「芸術の国」イタリアが進める鉄道保存の本気度 400両超保有の「財団」、自前の工場で徹底整備
古典車両を維持管理するための中枢とも言うべき車両工場は全国に3カ所あり、各工場は原則的に車両の種類によって役割が分担されている。いったい、工場ではどのような作業が行われているのだろうか。財団が保有する工場の一つである、ラ・スペツィア工場を取材する機会を得た。 ■財団の工場内部を取材 ラ・スペツィアはイタリア北西部、リグーリア州の東部に位置する人口約9万人の港町で、首都ローマとジェノヴァを結ぶ幹線上に位置する。ラ・スペツィア工場は1926年に建設され、当時はまだ三相交流方式という特殊な電化方式を採用していたイタリア国鉄の電気機関車を整備する工場として使用された。
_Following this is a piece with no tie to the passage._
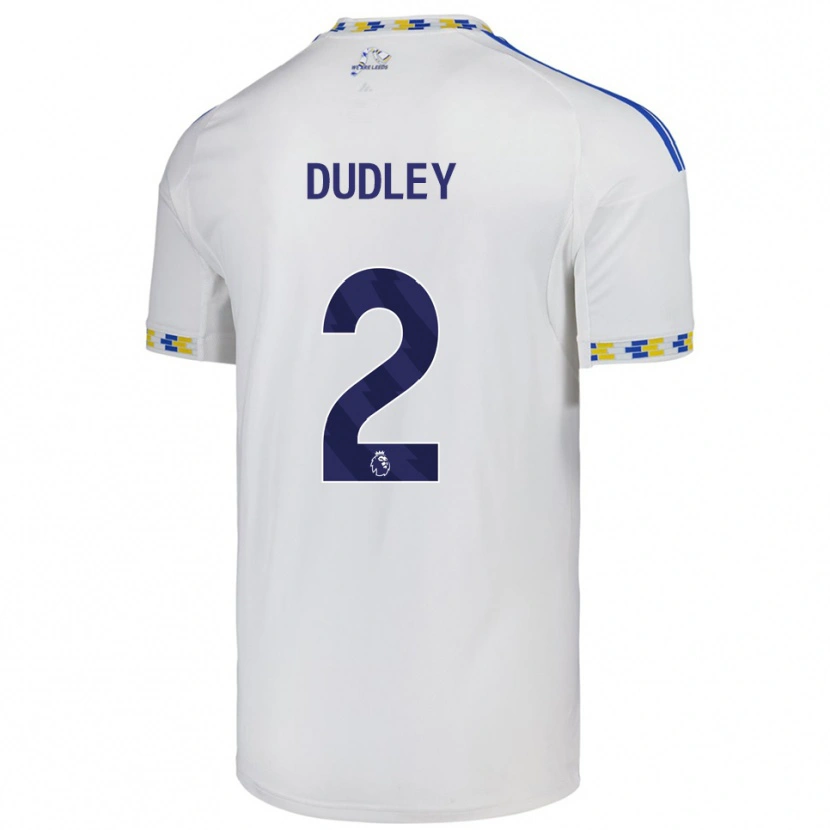 Danxen Mujer Camiseta Louie Dudley #2 Blanco Azul 1ª Equipación 2025/26 La Camisa México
2014年にイタリア鉄道財団へ譲渡され、以降は主に財団の保有する電気機関車の定期点検やオーバーホールのほか、動かない状態で保管されていた車両の修復作業なども請け負っている。 工場建屋内へ入ると、戦前製の古い機関車がずらりと並んでいる。 財団の保有する車両は、1:動態保存(本線走行可能) 2:動態保存(本線走行不可) 3:静態保存 の3種類に大別される。 1は動く状態に完全復元され、信号などの保安装置も現在の最新システムに換装し、イベント時に本線上を走行させることが可能な車両だ。2は、電気装置などはすべて稼働状態となっていて、パンタグラフを上げて電気を通せば動かすことができるが、保安装置が現代の基準に合致しないため、構内など閉鎖された場所でのデモ走行に限られる。日本で言えば「碓氷峠鉄道文化むら」(群馬県)に保存されているEF63形電気機関車のようなものだ。3は文字通り、動力や制御装置が稼働できない状態で、博物館などで保存・展示させるための車両だ。
工場建屋の中に1両、ピカピカに磨き上げられた電気機関車がいる。E424型249号機といい、第二次大戦直後の1946年に製造された4動軸の機関車だ。主にローカル線で旅客・貨物列車の両方に使えるよう設計され、荷物や郵便を運べるように車体中央にはシャッター付きの荷室が設けられたユニークな機関車だ。 後年、近郊列車をプッシュプル運転する目的で、推進運転制御装置を搭載し、色を当時の最新塗装へ変更して使用されたが、その改造の際に元番号+200へと改番されている。つまり、オリジナルの状態ではE424型049号機だった。